In other versions of the API, you can also specify the AWS access key and secret key directly.
3. **Deploying:** Package `spark-streaming-kinesis-asl_{{site.SCALA_BINARY_VERSION}}` and its dependencies (except `spark-core_{{site.SCALA_BINARY_VERSION}}` and `spark-streaming_{{site.SCALA_BINARY_VERSION}}` which are provided by `spark-submit`) into the application JAR. Then use `spark-submit` to launch your application (see [Deploying section](streaming-programming-guide.html#deploying-applications) in the main programming guide).
*Points to remember at runtime:*
- Kinesis data processing is ordered per partition and occurs at-least once per message.
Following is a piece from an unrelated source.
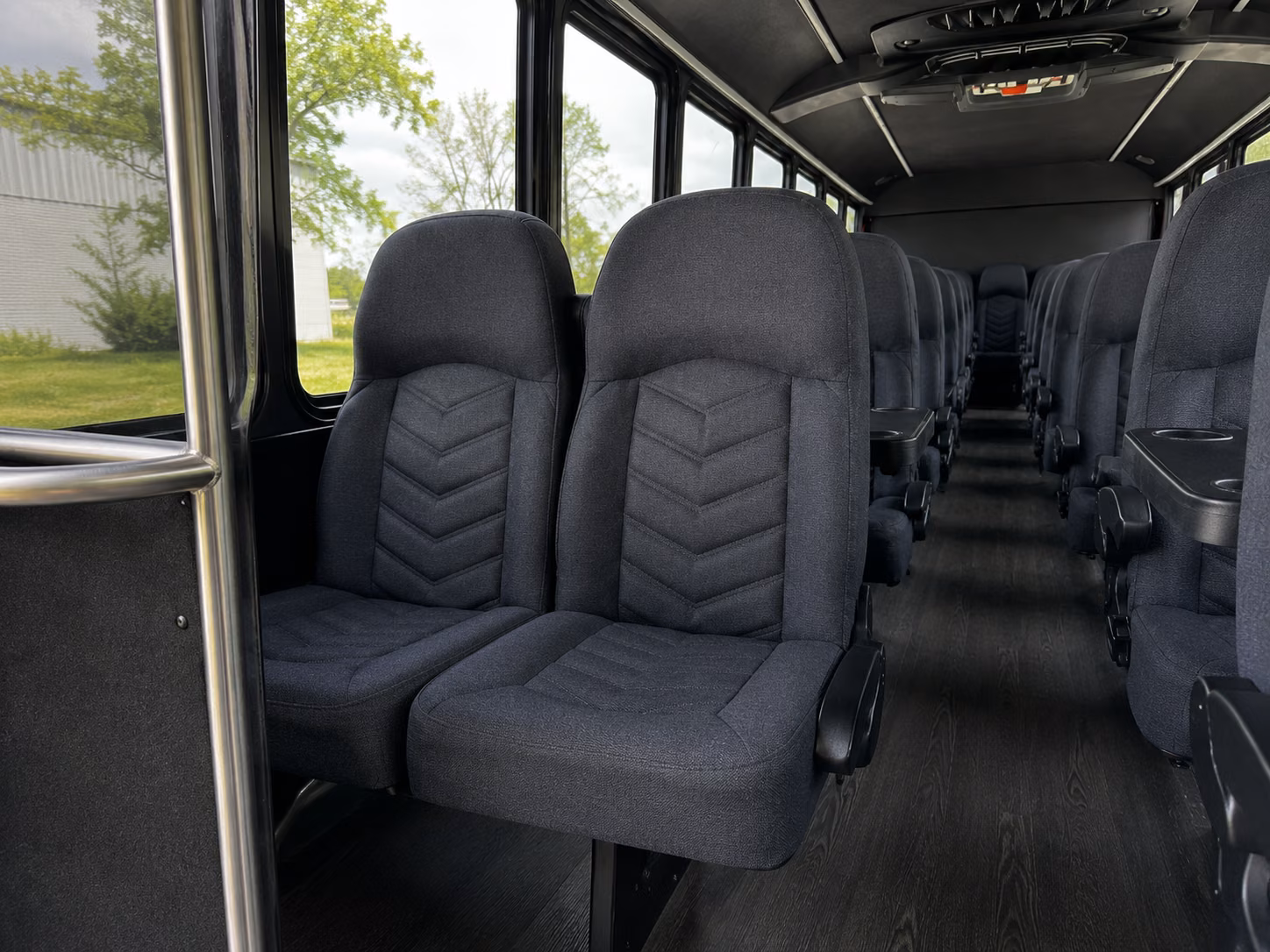 20 passenger minibus inside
- Multiple applications can read from the same Kinesis stream. Kinesis will maintain the application-specific shard and checkpoint info in DynamodDB.
- A single Kinesis stream shard is processed by one input DStream at a time.
bin/run-example streaming.KinesisWordCountASL [Kinesis app name] [Kinesis stream name] [endpoint URL]
bin/run-example streaming.JavaKinesisWordCountASL [Kinesis app name] [Kinesis stream name] [endpoint URL]
bin/spark-submit --jars extras/kinesis-asl/target/scala-*/\
spark-streaming-kinesis-asl-assembly_*.jar \
extras/kinesis-asl/src/main/python/examples/streaming/kinesis_wordcount_asl.py \
[Kinesis app name] [Kinesis stream name] [endpoint URL] [region name]
This will wait for data to be received from the Kinesis stream.
- To generate random string data to put onto the Kinesis stream, in another terminal, run the associated Kinesis data producer.
bin/run-example streaming.KinesisWordProducerASL [Kinesis stream name] [endpoint URL] 1000 10
This will push 1000 lines per second of 10 random numbers per line to the Kinesis stream. This data should then be received and processed by the running example.
#### Kinesis Checkpointing
- Each Kinesis input DStream periodically stores the current position of the stream in the backing DynamoDB table. This allows the system to recover from failures and continue processing where the DStream left off.
- Checkpointing too frequently will cause excess load on the AWS checkpoint storage layer and may lead to AWS throttling. The provided example handles this throttling with a random-backoff-retry strategy.
- If no Kinesis checkpoint info exists when the input DStream starts, it will start either from the oldest record available (InitialPositionInStream.TRIM_HORIZON) or from the latest tip (InitialPostitionInStream.LATEST). This is configurable.
- InitialPositionInStream.LATEST could lead to missed records if data is added to the stream while no input DStreams are running (and no checkpoint info is being stored).
- InitialPositionInStream.TRIM_HORIZON may lead to duplicate processing of records where the impact is dependent on checkpoint frequency and processing idempotency.